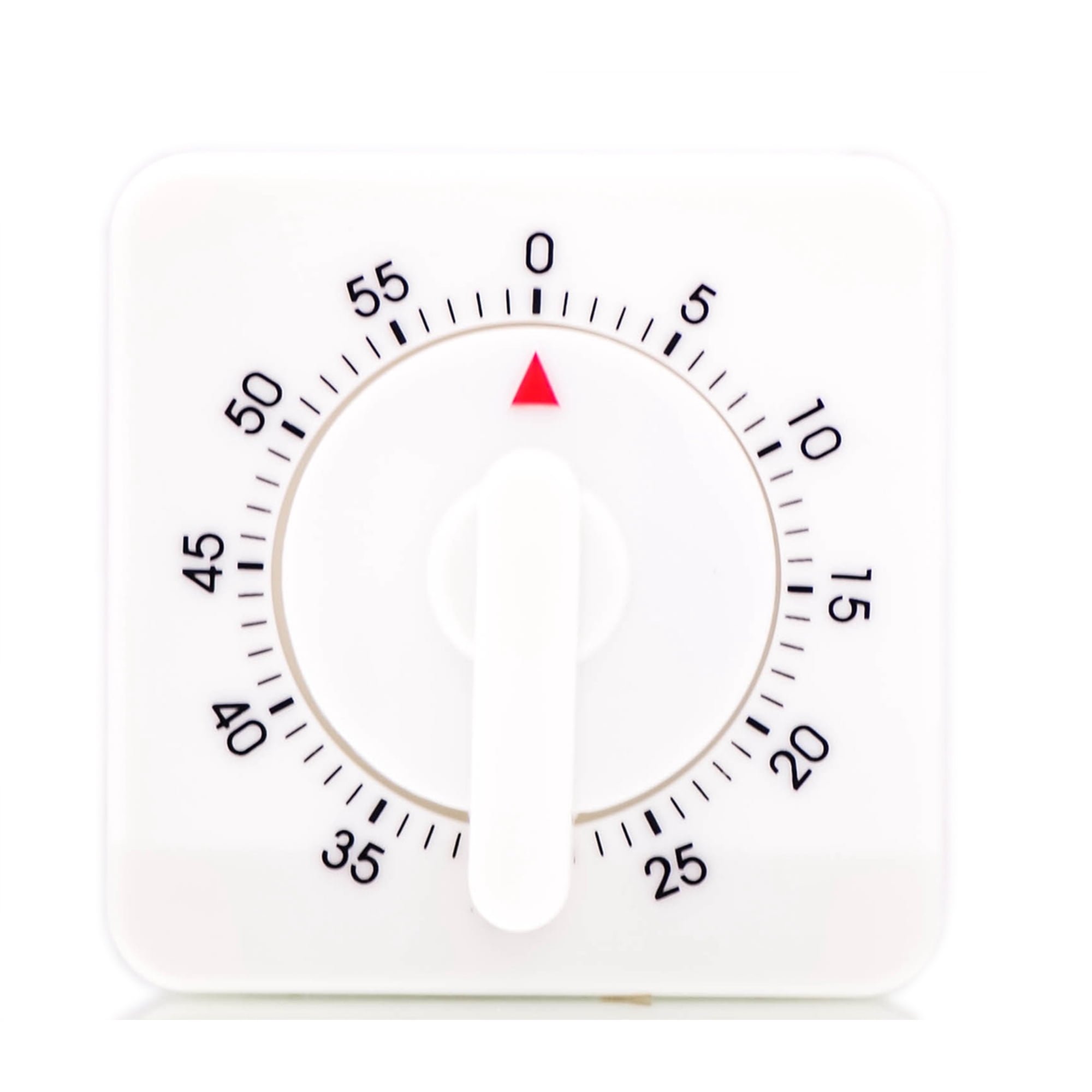 Timer Soft 'n Style Cuadrado Blanco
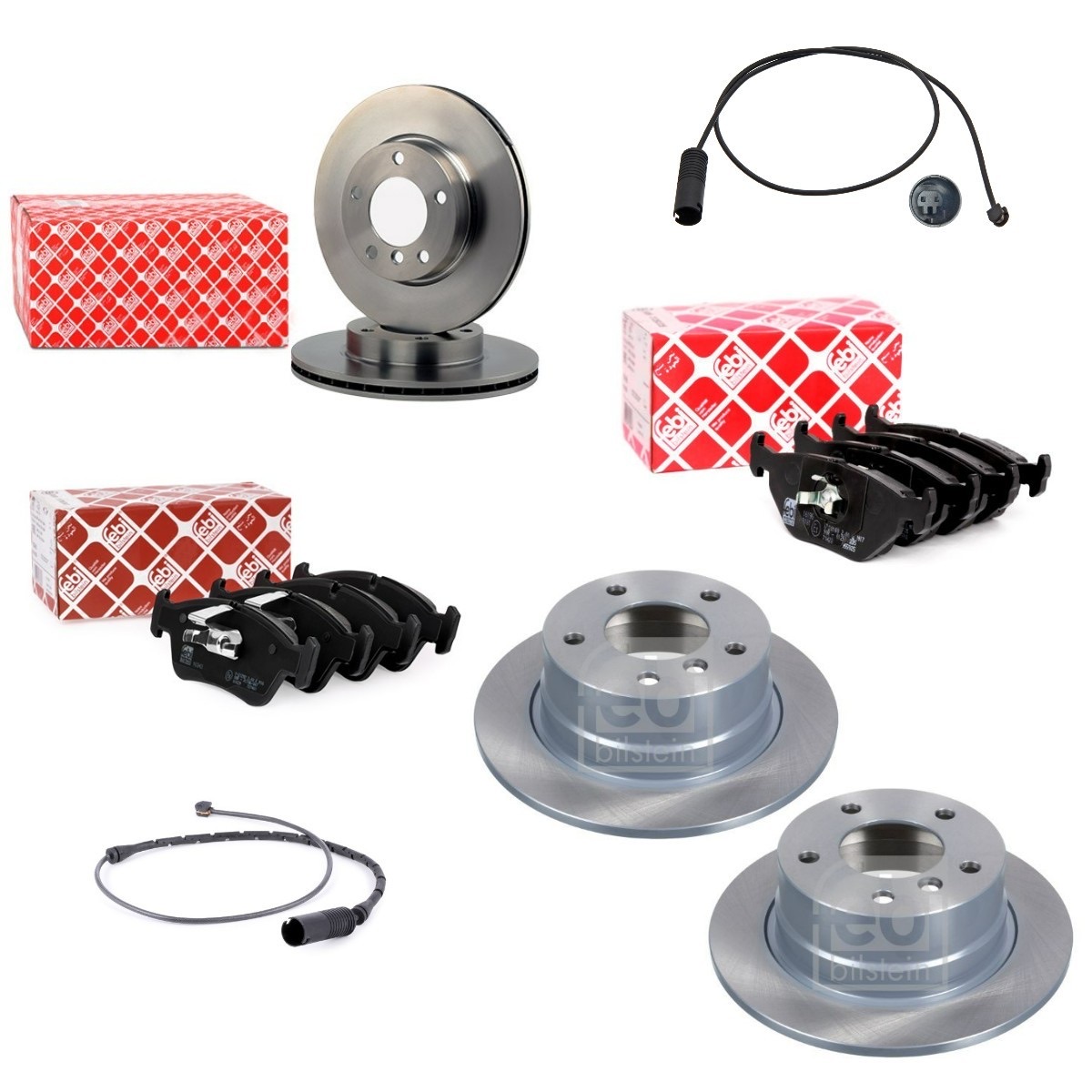 Febi Bilstein FBL3405FR054 Brake Discs and Pads Set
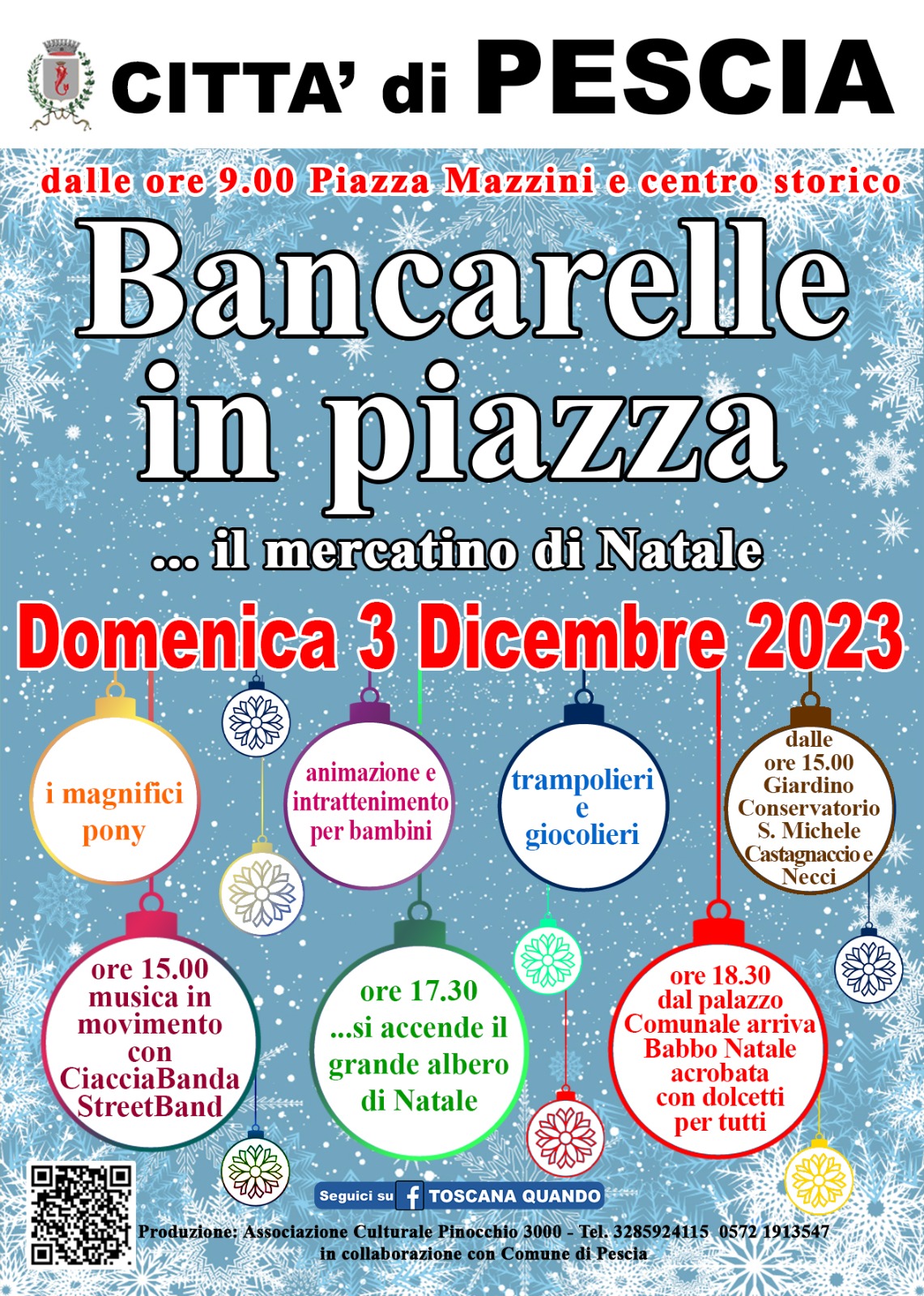 Bancarelle in Piazza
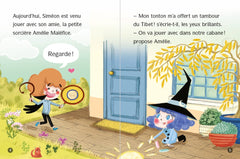 Amélie Maléfice - L'abominable tempête de neige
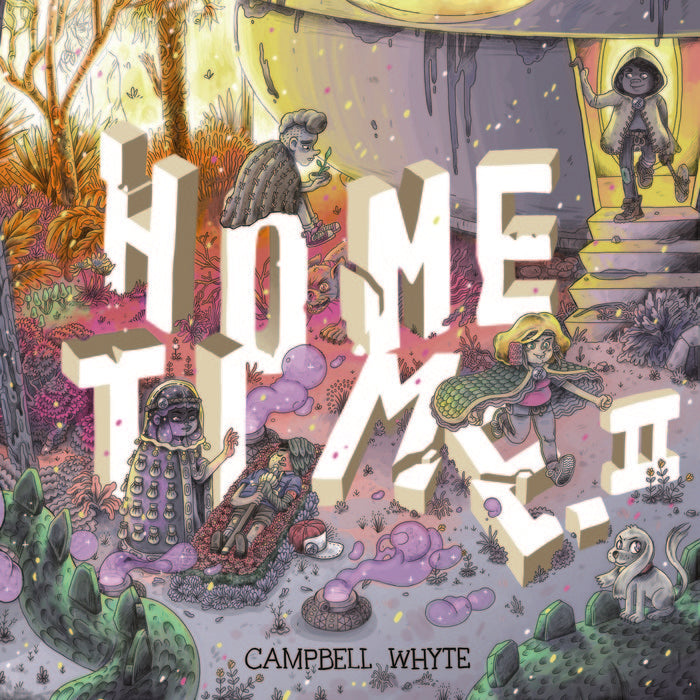 Home Time 2, de Whyte, Campbell | portada del libro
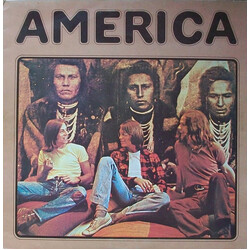 America (2) America Vinyl LP USED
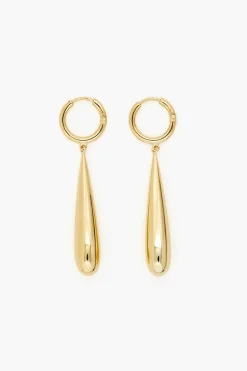 Øredobber - Drop Earring Gold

**BRIEF:**
After removing each picture, print the entries above exactly as they were.

**RESPONSE TO THIS TASK:**
 Timer Soft 'n Style Cuadrado Blanco
 Febi Bilstein FBL3405FR054 Brake Discs and Pads Set
 Bancarelle in Piazza
 Amélie Maléfice - L'abominable tempête de neige
 Home Time 2, de Whyte, Campbell | portada del libro
 America (2) America Vinyl LP USED
 Øredobber - Drop Earring Gold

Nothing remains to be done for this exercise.